The original ‘Journey of the Brave’ programme took 10 weekly sessions, with each session lasting 60 min compared with that of our study with a duration of only five hours. Additionally, the qualitative data received in the evaluation form were mostly positive, and we judged that there was no problem in the acceptability and feasibility of the programme, indicating its efficiency. The result, if verified under more robust research design, may help overcome some barriers to implementing this in Japan because it can be smoothly incorporated into the school timetable and saves manpower.

However, the numerous limitations of this study should be noted. First, there was the issue of recruitment bias. As it was difficult to identify the participating school, the school where one of our research team members was working as the nursing teacher was designated as the study field; moreover, she served as the facilitator of the programme. The possibility of daily relationships between the teacher and the children may have impacted our results. Additionally, we employed a nonrandomised control design. It was impossible to evade the contamination risk between the intervention and control groups as children from the same grade year and school were selected as the control group. Conducting a study with a randomised control design is recommended to establish evidence of CBT practices. Therefore, it is necessary to conduct a study with a randomised block control design by removing moderators and mediators of anxiety in the future (e.g., characteristics of class and school events).

Second, important factors such as reliability of the facilitator and programme fidelity are not explored. The facilitator of this study had acquired the ‘Journey of the Brave’ facilitator qualification, had completed the training course of Improving Access to Psychological Therapies, and was studying CBT. She was familiar with the programme as she was one of the members of the research team receiving advice and supervision from the programme author once a week. However, we were unable to quantitively evaluate reliability and programme fidelity because objective measures were not used. In the future, using a device to monitor the facilitator who is implementing the programme is necessary.

Finally, this study does not report beyond the 2-month follow-up time point. Further research is needed to investigate longer follow-up durations (e.g. 1-year, 2-years) to determine the impact of the programme over time. It has been indicated that children are at risk for emotional and behavioural problems during the transition time when they advance from elementary school to junior high school [61]. Therefore, evaluation during this period is important to determine the long-term effects of this intervention.
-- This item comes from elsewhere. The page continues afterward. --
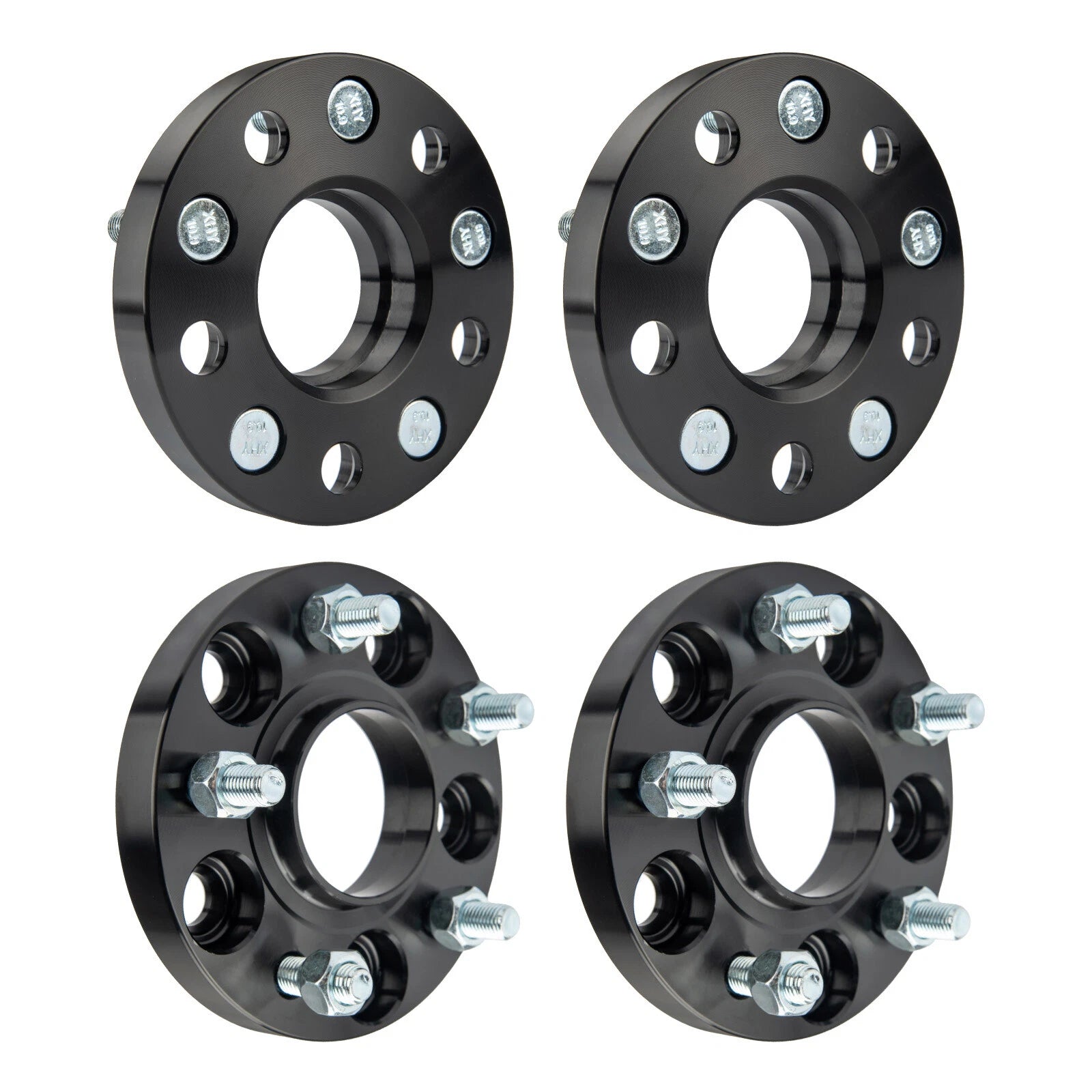 20mm Wheel Spacers for Honda Acura (5x4.5) (5x114.3) 12x1.5 64.1mm (2000–2024)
As stated above, rigorousness of this study is missing on multiple grounds. Hereafter, we wish to secure greater visibility and credibility with a more robust study design to disseminate findings of superior quality.

Conclusions

This study demonstrated that the delivery of the ‘Journey of the Brave’ programme in the form of brief classroom activities results in a significant reduction in anxiety symptoms and behavioural problems. Our findings suggest that the programme, which is completed in only 5 h, is as effective as programmes that have taken over 10 h to complete in previous studies. The significant room for improvement in the current study warrants future research with improved designs.